TULUM, Mexico – Nestled amidst pristine rainforests, ancient architectural wonders, and immaculate beaches, the Mexican Riviera continues to captivate millions of visitors annually. In a significant stride towards further tourism development, Tulum, positioned 90 miles south of its illustrious counterpart Cancun, unveiled a major international airport last month, poised to welcome a surge of new tourists each year.
Coinciding with this venture is the initiation of the controversial national Tren Maya (Maya Train) rail line. This transformative project links five Mexican states, connecting the Cancun airport with Playa del Carmen, Tulum, and various Mayan archaeological sites. The federal government anticipates the full 1,525-kilometer line to be operational by March 1.
The pivotal question echoing through the industry is the impact of these tourism stimuli. The environmentally sensitive Mayan Riviera, in proximity to Tulum, has grappled with growing pains, and its infrastructure strains to accommodate the current 2 million annual visitors, many of them Americans. The inauguration of an airport designed for 5 million visitors annually, coupled with the new rail line, raises concerns about exacerbating mass tourism and potentially transforming Tulum into a variant of bustling Cancun or Playa del Carmen. This marks a significant departure for Tulum, long hailed as a hidden gem in the Yucatan.

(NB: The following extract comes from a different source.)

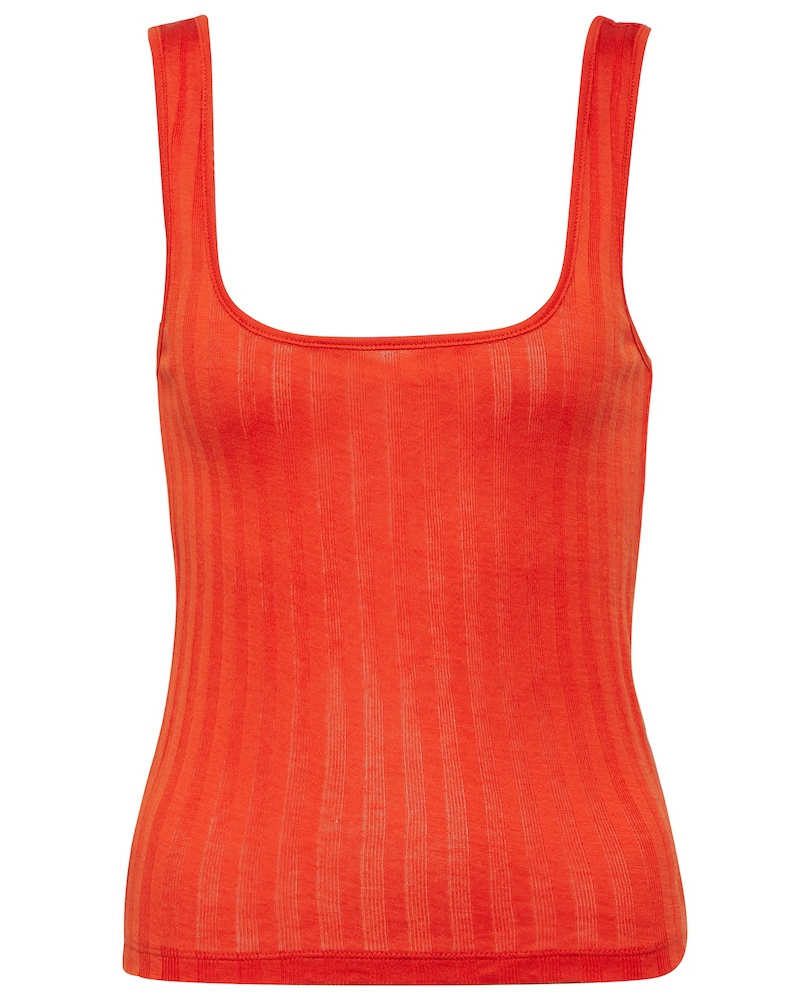 Vince Damen Vince Tanktop aus Baumwolle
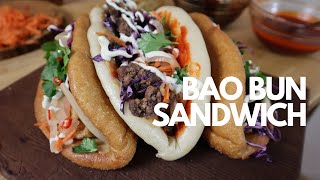 Bao Bun Sandwich | Traditional, but not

Globally, cities such as Amsterdam, Paris, and Venice have grappled with the challenge of “overtourism,” a predicament that Tulum may now face. Nonetheless, in regions like Mexico, tourism remains a potent tool for poverty alleviation and economic growth.
Felipe Carrillo Puerto International Airport commenced operations on December 1, with Mexican carriers serving five cities. International flights are scheduled to begin arriving in late March, featuring Delta, American, Spirit, and United. United, in particular, plans 22 weekly flights from hubs in Chicago, Houston, and Newark, with seasonal flights from Los Angeles in May. JetBlue’s daily flights from New York are set to begin on June 13.
These airport and rail projects align with President Andrés Manuel López Obrador’s national infrastructure investment program, a cornerstone of his term ending in September. The first section of the contentious Maya Train initiated service on December 15, linking the Cancun airport and Campeche, a historic Gulf of Mexico port and a UNESCO World Heritage city.
Commencing near Palenque, Mexico, in late 2018, the rail project’s budget has ballooned from an initial $7.4 billion to $28 billion. While the exact fare for the Maya Train remains undetermined, Tren Maya asserts on its website that costs will favor residents, implying higher expenses for national and foreign tourists.
Designed to boost the economies of smaller communities in Mexico’s southeast, the Maya Train has faced criticism for its environmental impact. Millions of trees in the Yucatan Peninsula rainforest have been destroyed, and approximately 3,000 households displaced. Despite being declared a “national security” project, the rail line faces legal challenges seeking environmental impact studies and halting its construction.
Similarly, the new Tulum airport is hailed as a catalyst for economic development, anticipated to generate 15,000 new jobs for the state of Quintana Roo. As Tulum stands at the crossroads of progress, the delicate balance between economic growth and environmental preservation remains a focal point, shaping the future of this once-hidden gem on the Yucatan Peninsula.